Task to complete:
Look below for the line with "Sweatshirt with petal". Retype it and every line after it to the end, exactly, but leave out the pictures.
(Beginning of Provided records)
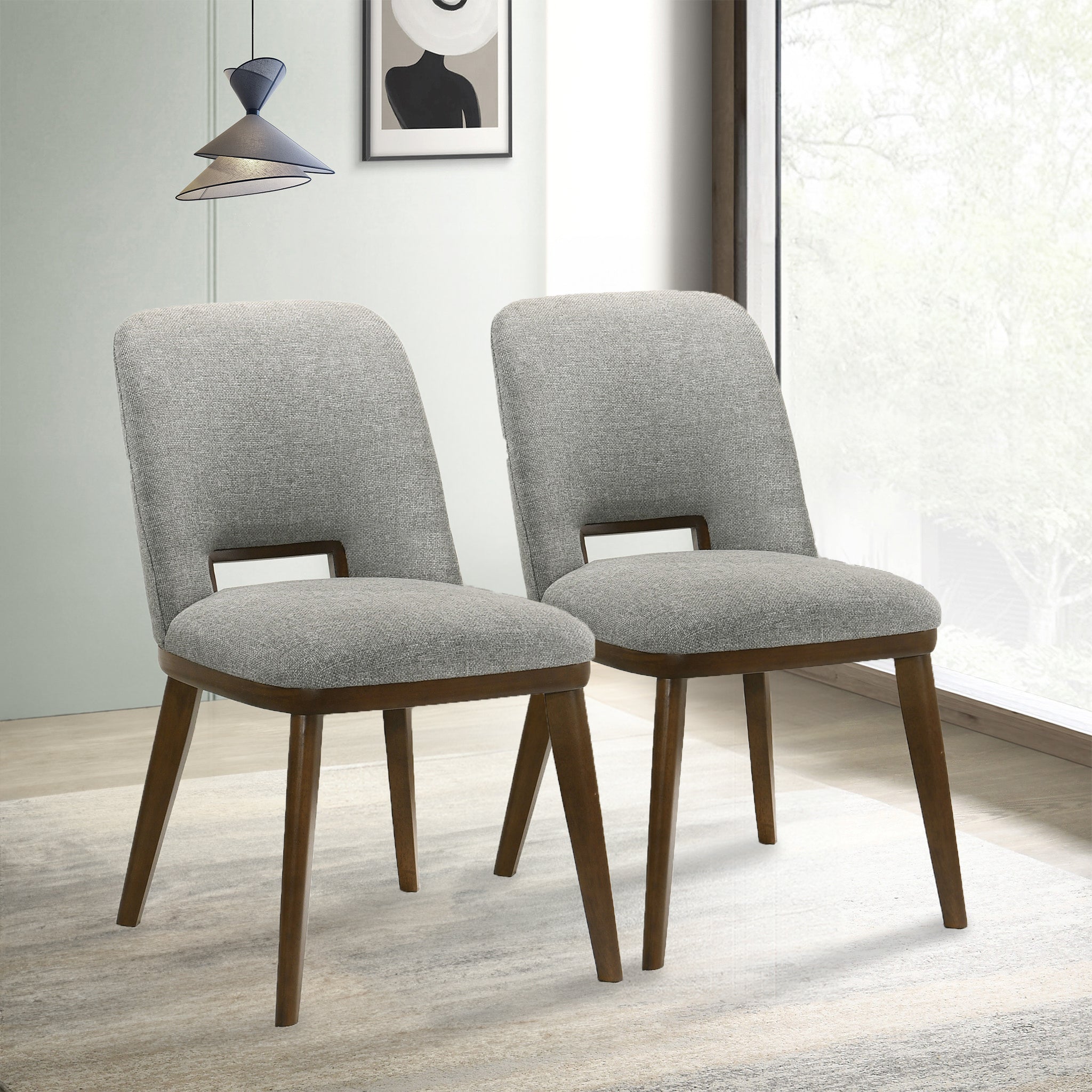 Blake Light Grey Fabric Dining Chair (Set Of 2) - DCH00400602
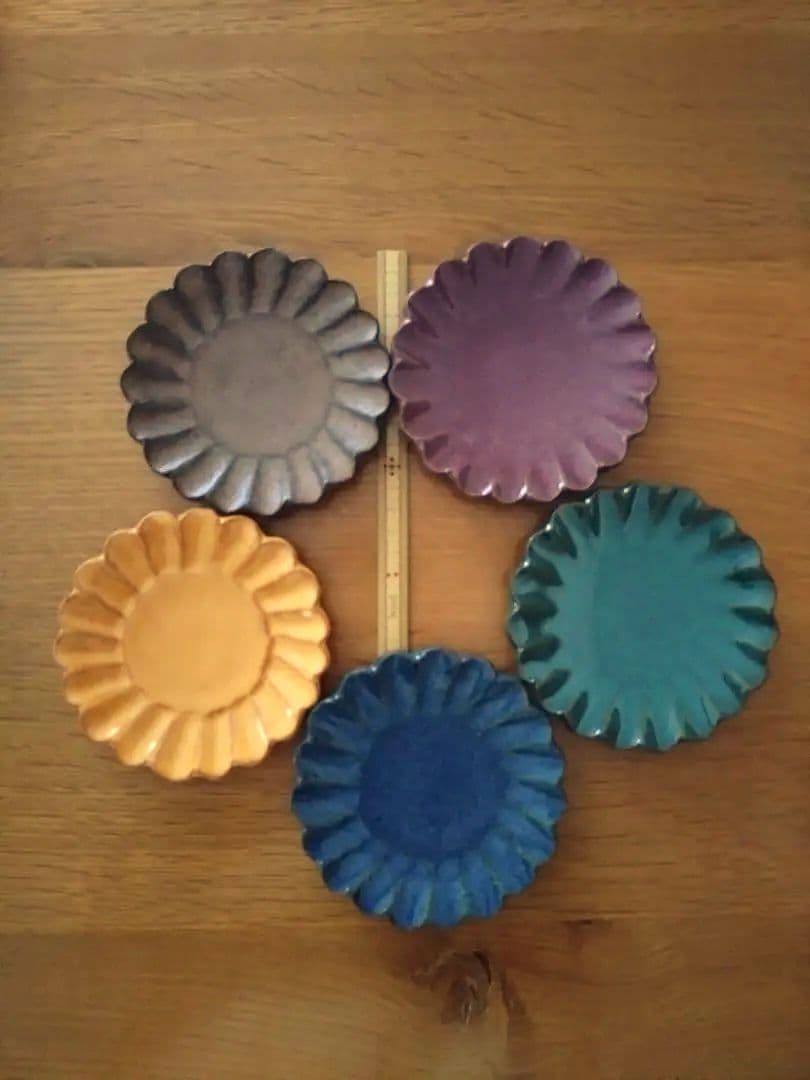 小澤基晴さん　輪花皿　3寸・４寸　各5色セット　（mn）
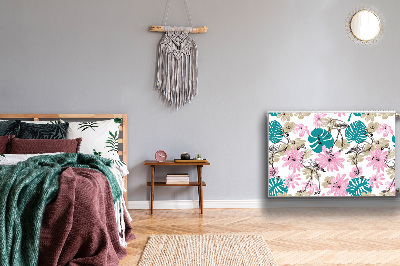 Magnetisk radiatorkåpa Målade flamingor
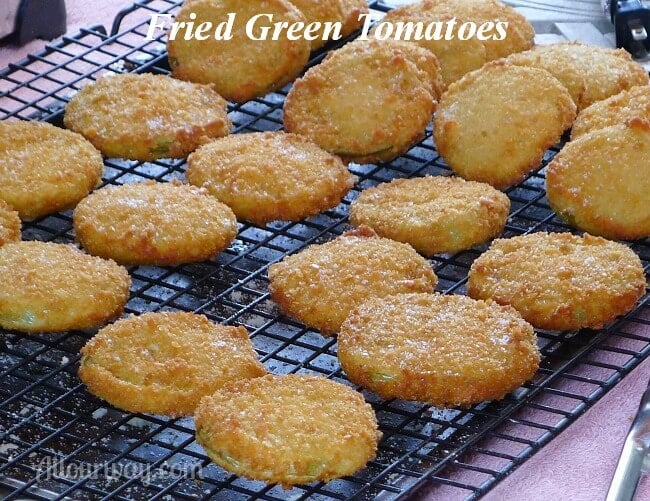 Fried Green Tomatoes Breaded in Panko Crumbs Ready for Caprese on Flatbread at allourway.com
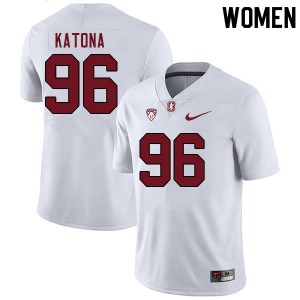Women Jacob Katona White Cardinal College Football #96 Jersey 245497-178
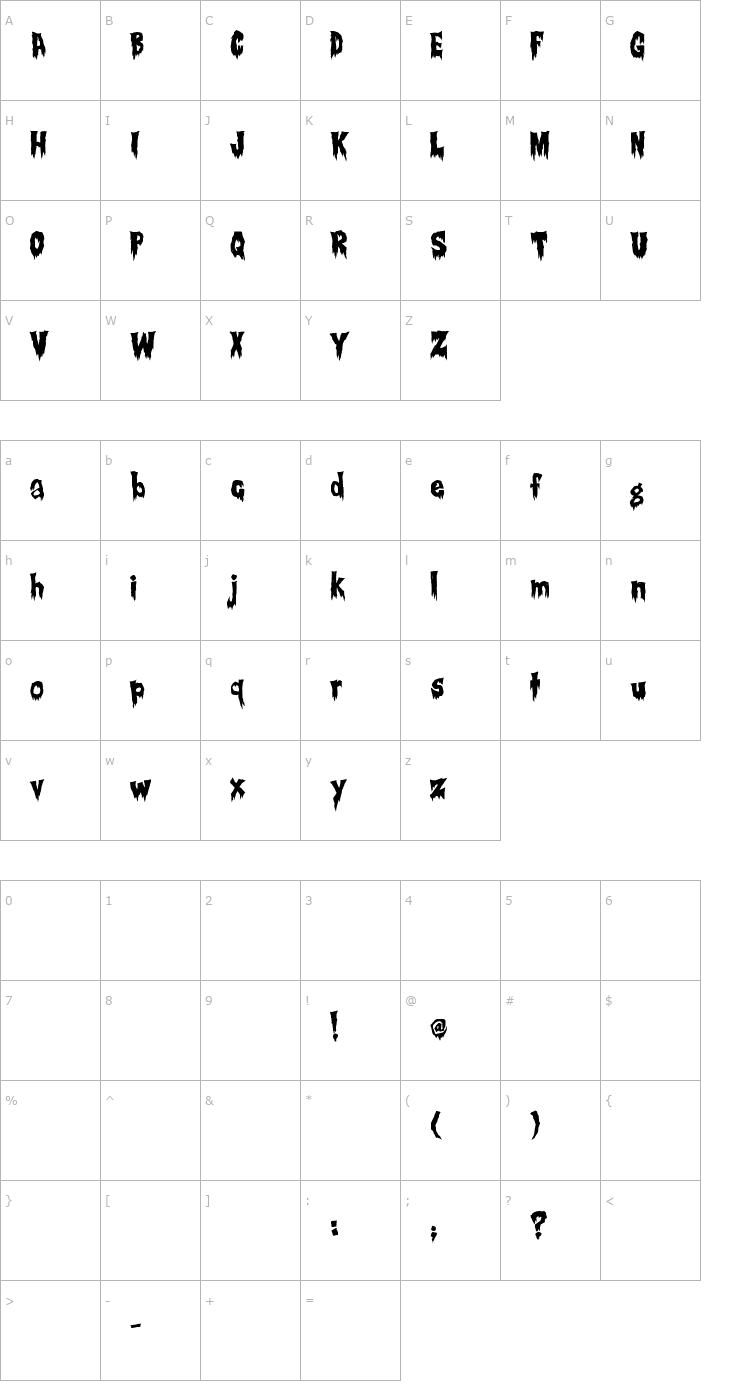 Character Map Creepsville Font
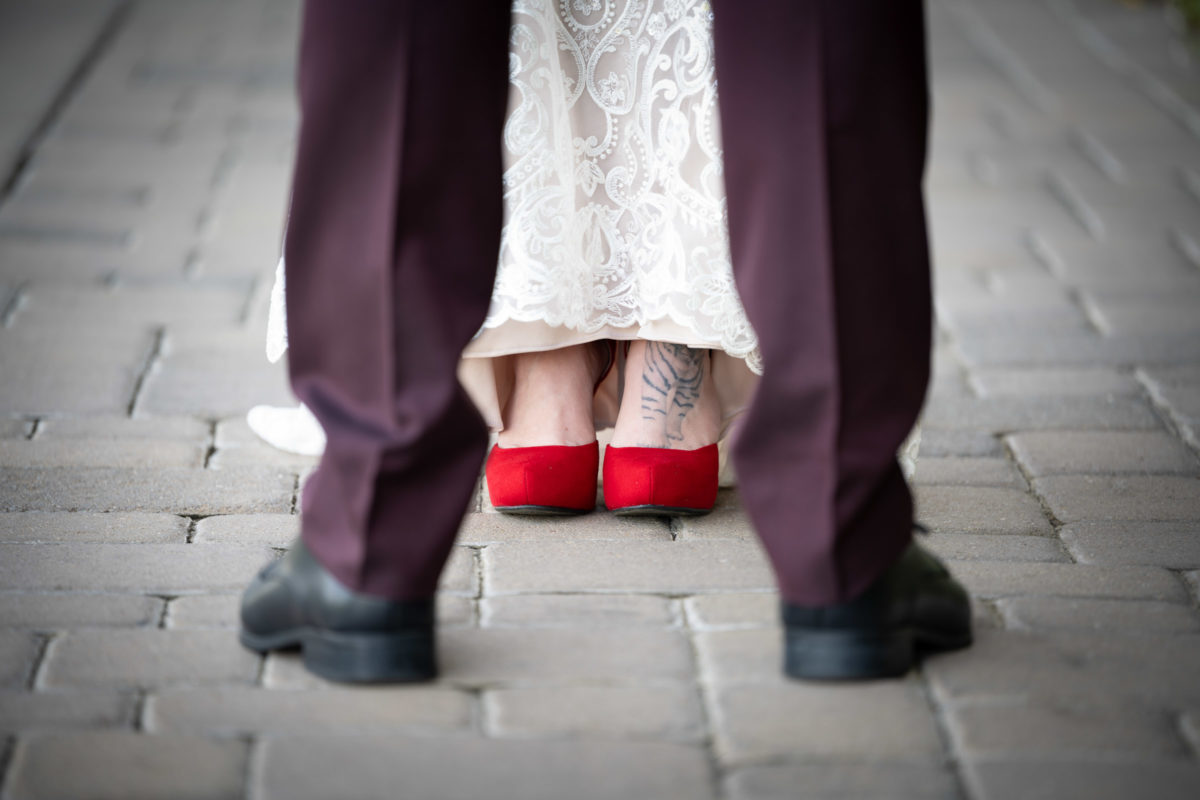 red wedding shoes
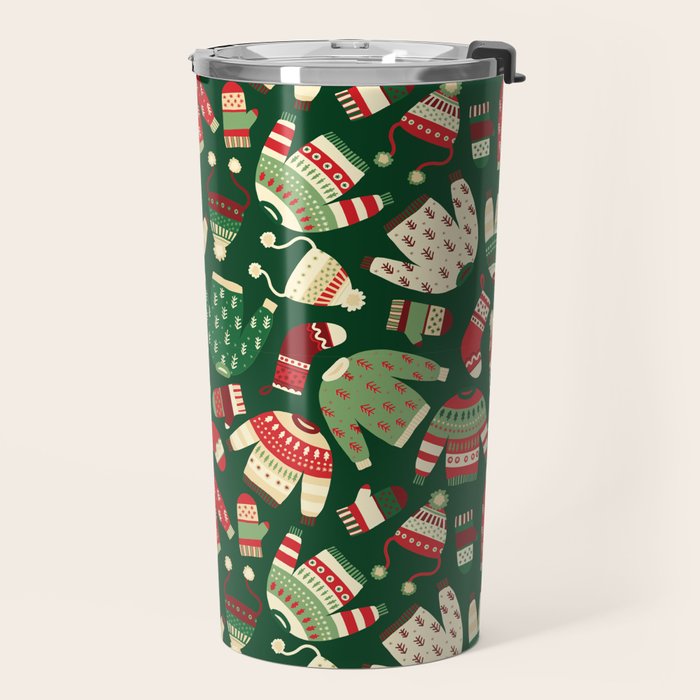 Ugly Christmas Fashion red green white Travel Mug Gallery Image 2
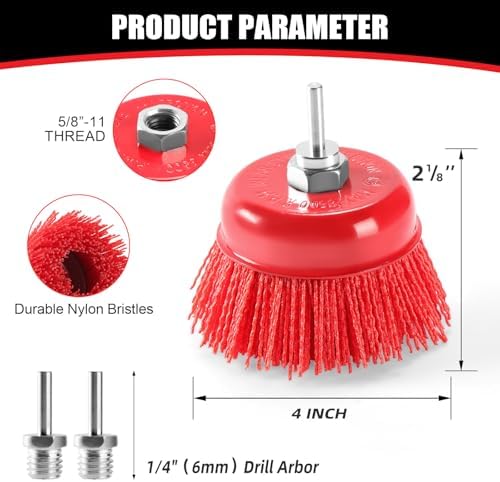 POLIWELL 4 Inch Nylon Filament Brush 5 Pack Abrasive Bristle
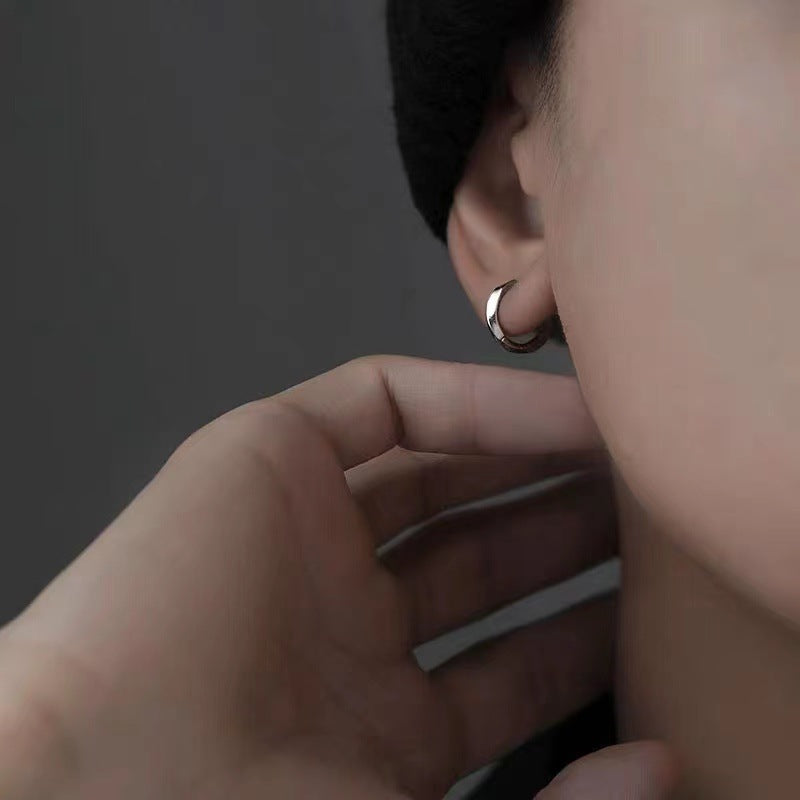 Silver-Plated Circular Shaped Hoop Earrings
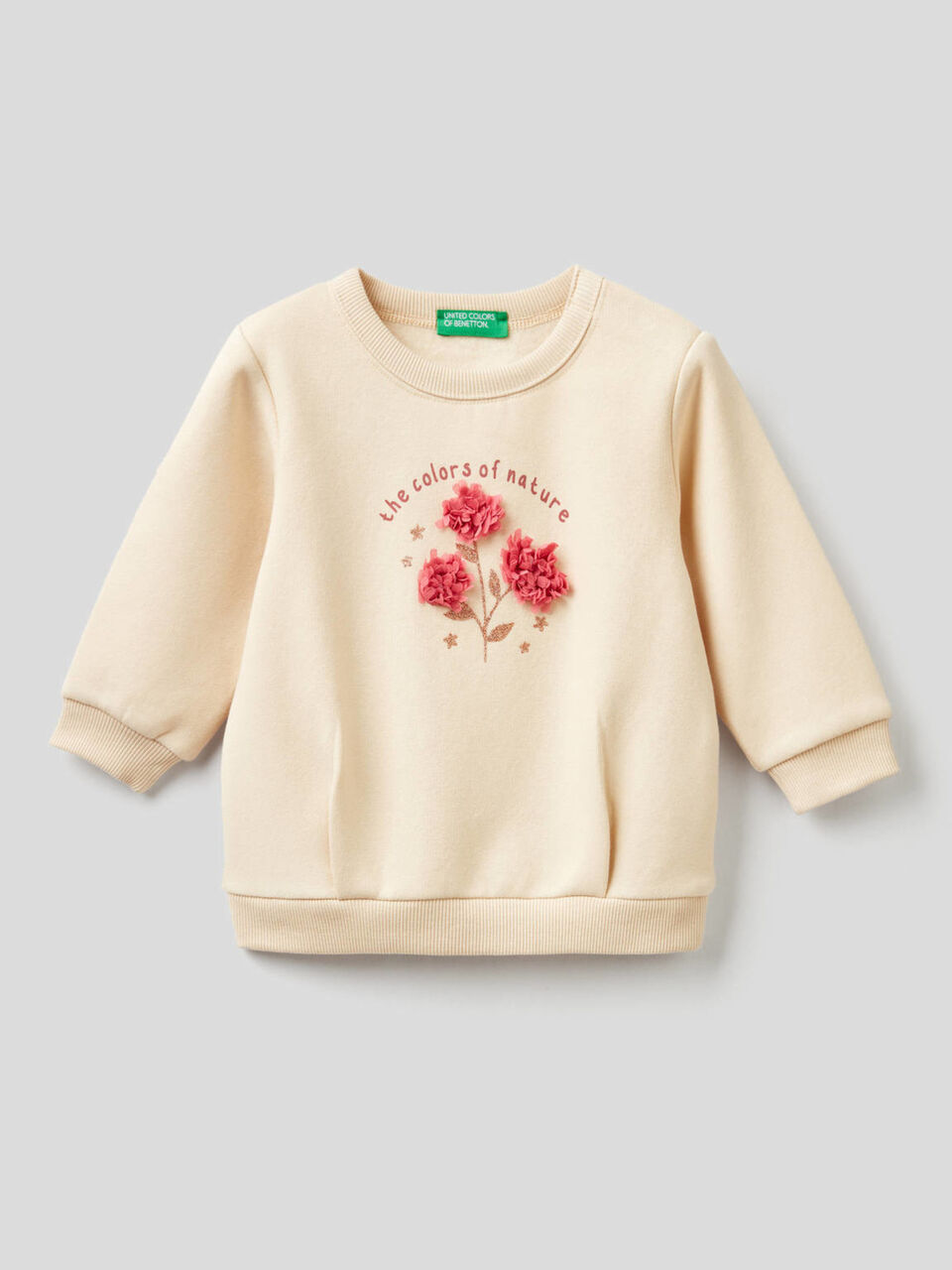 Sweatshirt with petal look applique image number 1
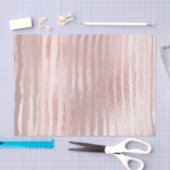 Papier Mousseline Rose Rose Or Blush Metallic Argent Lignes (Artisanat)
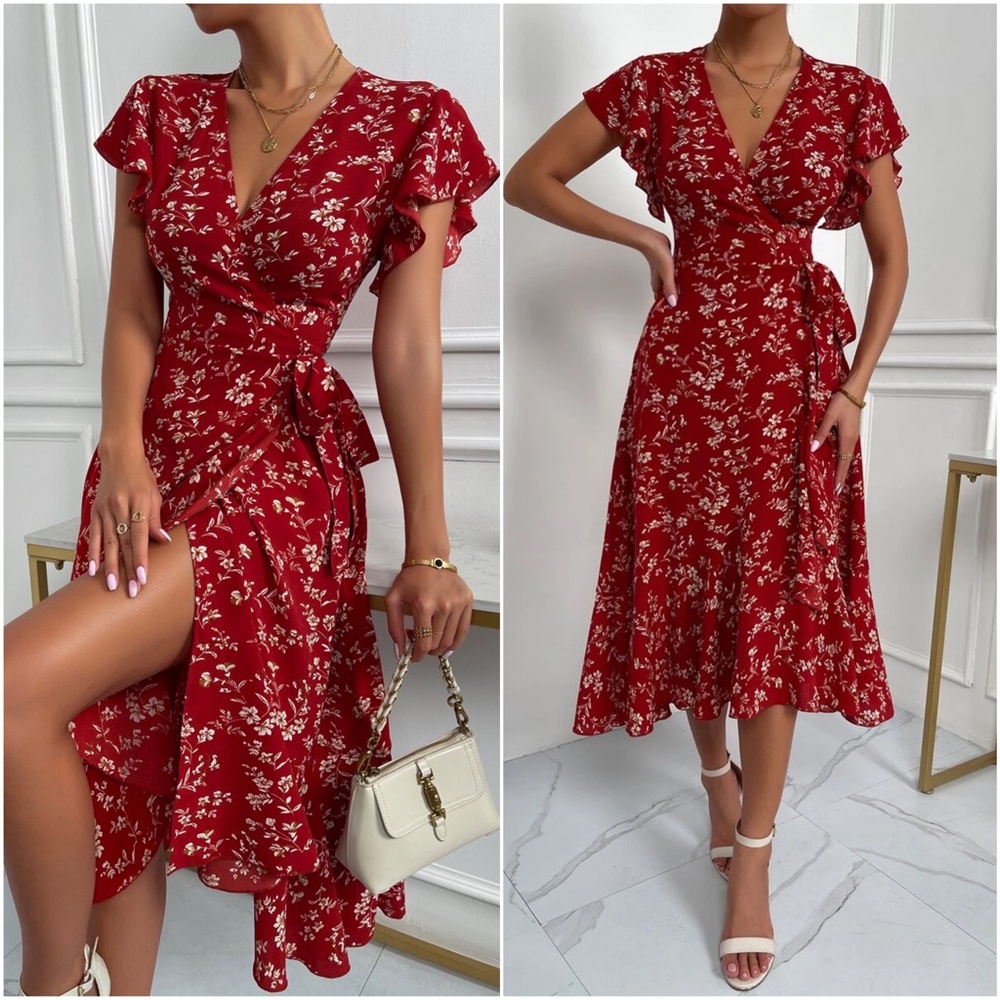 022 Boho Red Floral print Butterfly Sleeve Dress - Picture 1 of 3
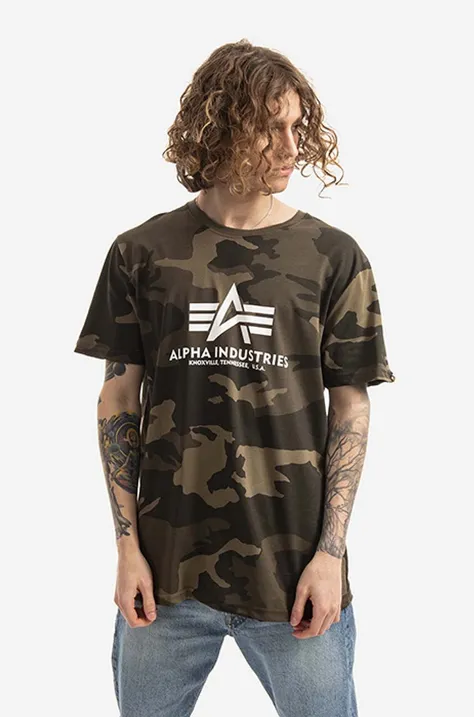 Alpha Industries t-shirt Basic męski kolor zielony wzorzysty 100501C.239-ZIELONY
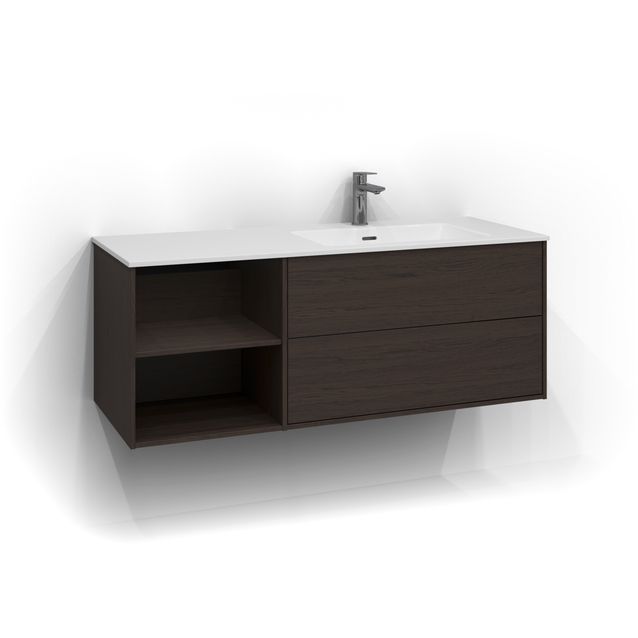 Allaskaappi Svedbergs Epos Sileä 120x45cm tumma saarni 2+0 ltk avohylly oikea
(End of Provided records)
Solution to the problem:
 Sweatshirt with petal look applique image number 1
 Papier Mousseline Rose Rose Or Blush Metallic Argent Lignes (Artisanat)
 022 Boho Red Floral print Butterfly Sleeve Dress - Picture 1 of 3
 Alpha Industries t-shirt Basic męski kolor zielony wzorzysty 100501C.239-ZIELONY
 Allaskaappi Svedbergs Epos Sileä 120x45cm tumma saarni 2+0 ltk avohylly oikea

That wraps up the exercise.